O you who love the Lord, hate evil! He preserves the lives of his saints; he delivers them from the hand of the wicked. Psalm 97:10
Let love be genuine. Abhor what is evil; hold fast to what is good. Love one another with brotherly affection. Outdo one another in showing honor. Romans 12:9-10
Our psalms for today are at the heart of a section in which God is worshiped and praised as King (Psalm 93; 95-100). We hear the exclamation, “The Lord reigns” several times. These psalms also portray God as the Judge of all the earth. His rule is absolute. His laws are perfectly just and His judgments are flawless. Obviously, the laws of human kings can be (and often are) biased. Their judicial rulings are not perfect, but our God is just in every way. His laws and judgments are infallible. So it is not only safe but right to love the Lord and to hate evil, as He defines it by His law.
The Psalmist exhorts us, who love the Lord, to hate evil. These are two sides of a coin, impossible to separate. If you love the Lord, you will hate evil. If you do not hate evil, your love for the Lord is in question. Can one’s love for God be genuine, if he does not hate what God hates?

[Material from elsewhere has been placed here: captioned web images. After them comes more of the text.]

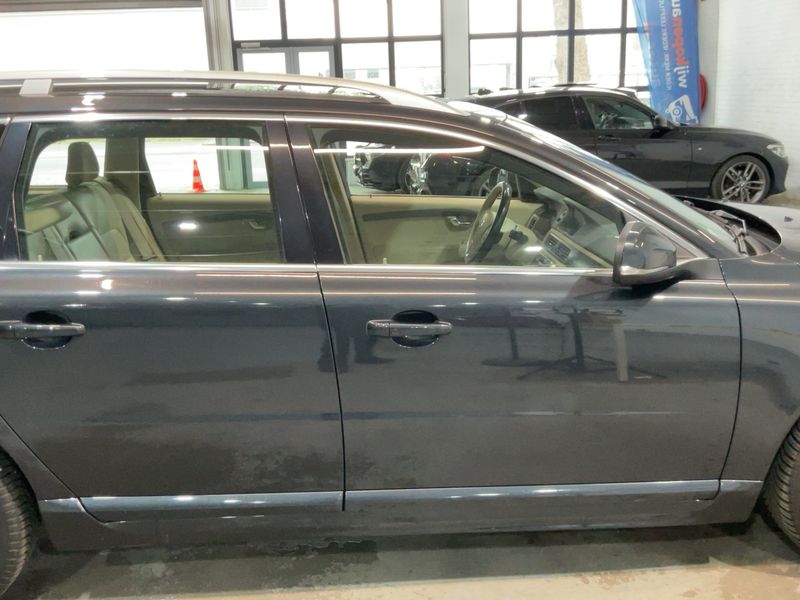 Volvo V70 2.0 D4 Summum 2016 – снимка 10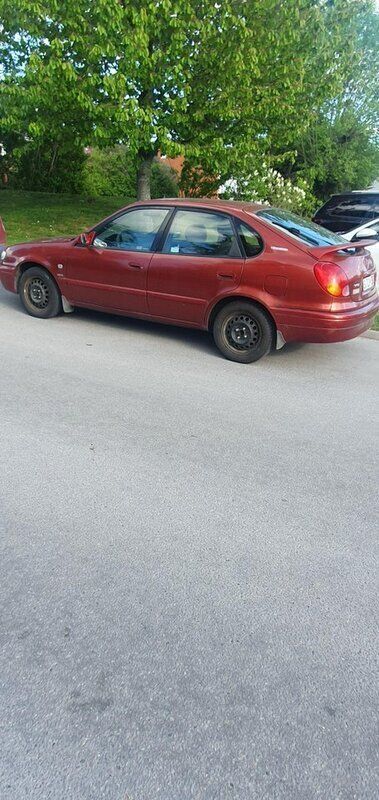 Röd Begagnad 2000 Toyota Corolla Halvkombi | 17 000 kr (Superpris) - Bild 1/4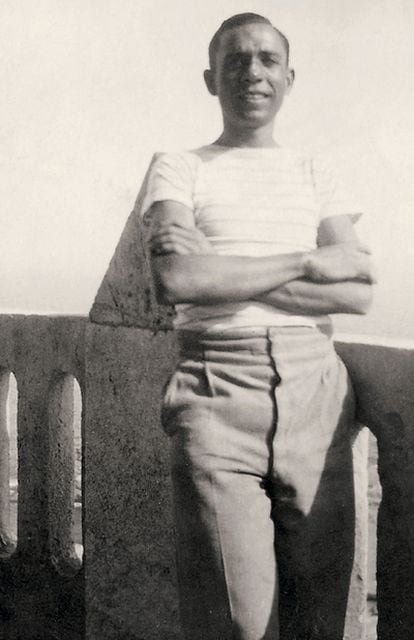 El poeta Miguel Hernández, en una fotografía tomada en Cartagena (Murcia) en el año 1933
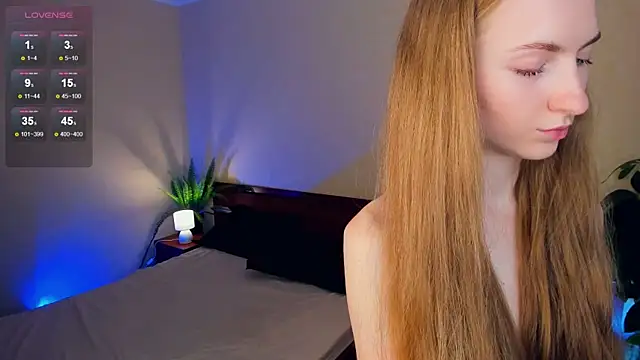 EsmaCarll online show from December 26, 2:44 am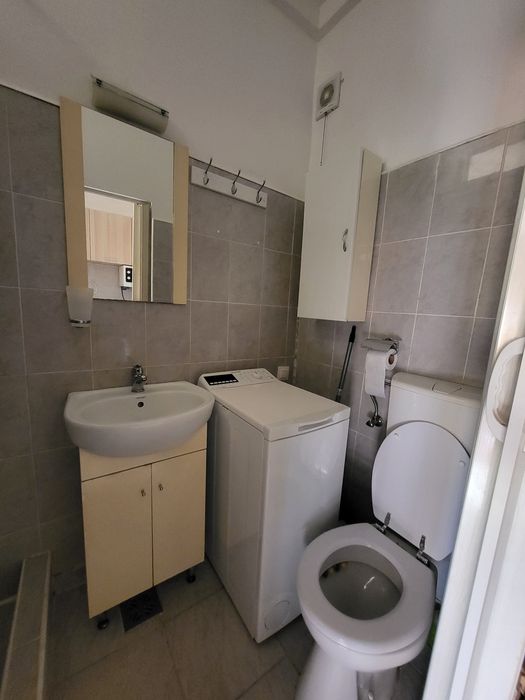 Garsonieră de închiriat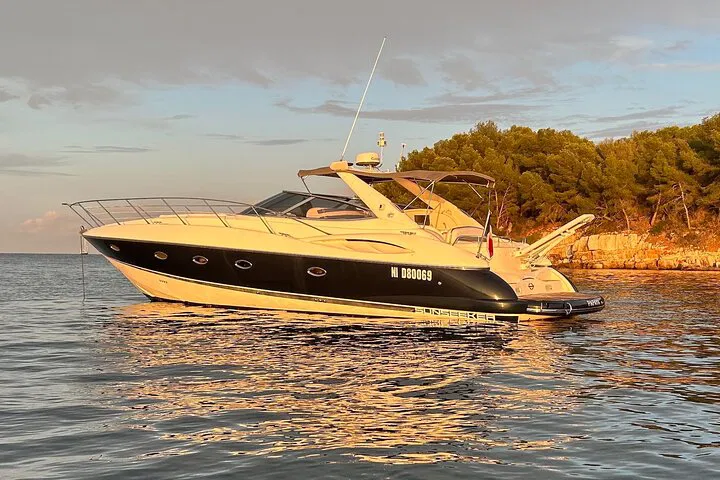 Cannes & Antibes: Private Boat Trip on the French Riviera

Paul makes an exhortation to the recipients of his letter in Rome which similarly includes the words “love” and “abhor.” He raises the possibility and the danger of phony love. One may pretend to love but not truly love. Loving action can be counterfeit–a setup for later betrayal like Judas Iscariot. Check your love to be sure it is genuine, writes Paul. He then goes on to tell them to “Abhor what is evil.”
Think about it
The Christian faith and life is not only a matter of correct theology, although that is essential, but also a matter of attitudes and actions–the involvement of the will and emotions. The one who presents himself to God as a living sacrifice seeking a renewed mind will be transformed in thoughts, attitudes, and actions. That renewal is a life-long process called sanctification which culminates when we see the Lord face to face (1 John 3:1-3).
Will you take one step forward in godliness today, by presenting yourself to Him as a living sacrifice out of genuine love for Him? Combine that with a hatred of evil, confessing the sin that lurks in your own heart. A renewed mind will bring a transformed heart to love God and hate evil.